Bifrost 43, Olivier Girard
Résumé
Sous la surveillance des Dieux et la tyrannie de Tarquin le Superbe, les hommes vivent dans un monde clos, divisé en huit quartiers. Numa Pompilius, fils de sénateur dont la famille à été assassinée par le tyran, est sous la protection d’une nymphe. À la tête d’une troupe d’indigents, il va guider son peuple à travers les événements liés à la Descente.
Parce que les maisons-coquillages du hameau refusent de se fermer à l’approche de l’hiver, il décide de quitter Marie le temps de passer de l’autre côté des montagnes et d’apprendre ce qui perturbe les bivalves.
Échoués sur une comète afin de réparer l’Hirondelle – un cargo de ligne chargé de vingt mille colons en sommeil cryogénique –, le capitaine Irravel Veda et son second Markarian sont victimes de pirates de l’espace. Du pacte qu’ils vont passer vont dépendre les quarante mille prochaines années, ainsi que l’avenir des galaxies.
Critique
Ugo Bellagamba est l’auteur de la première nouvelle publiée dans ce numéro 43 de Bifrost. On retrouve dans “Quirites” (
) le mélange d’histoire et de science-fiction dont l’auteur est coutumier. Cette fois, c’est dans la Rome antique qu’il nous emmène, aux côtés d’un héros tout droit sorti de Gladiator. Passagers du Latium, ses personnages sont soumis à des événements qu’ils ne maîtrisent pas, et qui décideront pourtant de l’avenir de l’humanité, dans une histoire qui ressemble à certaines des œuvres de Pierre Bordage. Un vrai plaisir de lecture, comme c’est souvent le cas avec cet auteur, et ce malgré les nombreuses coquilles qui émaillent le texte.
“Après-guerre” (
) est une nouvelle d’Emmanuel Jouanne qui a déjà été publiée en 2000 dans le numéro 22 de Nouvelle Donne. Le héros de ce conte étrange choisit de quitter son village pour découvrir ce qui affecte ses maisons-coquillages, commence à s’ouvrir au monde et revient chez lui une fois qu’il a rencontré d’autres êtres qui semblent venir chercher la guerre. Le style et les premiers paragraphes attirent l’attention, mais l’intérêt retombe vite et si la fin surprend, c’est avant tout à cause du changement brutal de registre de langue.

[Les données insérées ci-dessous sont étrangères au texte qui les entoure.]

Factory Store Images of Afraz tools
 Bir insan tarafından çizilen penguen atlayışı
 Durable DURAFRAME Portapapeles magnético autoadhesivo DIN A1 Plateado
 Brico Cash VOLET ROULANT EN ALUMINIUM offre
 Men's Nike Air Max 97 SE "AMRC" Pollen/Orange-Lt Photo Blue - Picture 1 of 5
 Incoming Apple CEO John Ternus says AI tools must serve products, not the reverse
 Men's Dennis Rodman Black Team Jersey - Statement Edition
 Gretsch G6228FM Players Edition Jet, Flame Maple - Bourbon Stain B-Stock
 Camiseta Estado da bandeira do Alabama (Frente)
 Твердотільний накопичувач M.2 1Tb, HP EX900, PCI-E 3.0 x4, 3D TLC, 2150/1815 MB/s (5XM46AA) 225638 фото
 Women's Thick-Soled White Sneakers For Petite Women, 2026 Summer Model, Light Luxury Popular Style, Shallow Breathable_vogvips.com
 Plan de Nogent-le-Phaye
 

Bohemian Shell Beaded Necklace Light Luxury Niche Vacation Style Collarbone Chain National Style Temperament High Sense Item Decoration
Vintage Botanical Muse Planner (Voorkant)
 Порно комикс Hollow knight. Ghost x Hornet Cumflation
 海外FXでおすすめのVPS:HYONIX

Alastair Reynolds est l’auteur d’une série de plusieurs romans dont la plupart se déroulent dans le même monde et qui commence par L’Espace de la révélation. “Galactic North” (
) est une novella qui fait partie de cet univers. Il s’agit d’un space opera dans toute sa splendeur : voyages inter-galactiques, espèces extra-terrestres et menaces venues d’ailleurs. S’il est délicat pour celui qui n’a pas encore eu l’occasion de se pencher sur l’œuvre de Reynolds de saisir toute l’ampleur du background à la lecture de cette seule nouvelle, il n’en reste pas moins que ce récit – qui commence comme une simple histoire de pirates et se poursuit sur quarante mille années – est de nature à donner le vertige. Et à donner envie d’ouvrir L’Espace de la révélation…
Ces trois textes sont suivis d’une trentaine de pages critiques sur les parutions du dernier trimestre – je n’y ai guère trouvé de quoi remplir ma liste de livres à acheter –, dont – nouveauté – quelques revues parues dans ce laps de temps. Vient ensuite une interview d’Emmanuel Jouanne, un auteur qui ne publiait plus à la fin des années 90 et que je n’ai jamais eu l’occasion de lire. Une section sur les précurseurs français de la littérature de science-fiction fait son apparition, avec un article présentant quelques auteurs de la fin du XVIIIe et du XIXe siècles. L’article scientifique du trimestre est écrit par Alain Musset, qui se consacre à l’étude sociologique des villes de science-fiction. Olivier Girard présente enfin les lauréats des prix anglo-saxons dont la plupart ont été décernés récemment, ainsi que quelques nouvelles rapides du milieu.
- Bifrost 43, sous la direction de Olivier Girard (2006), Le Bélial’.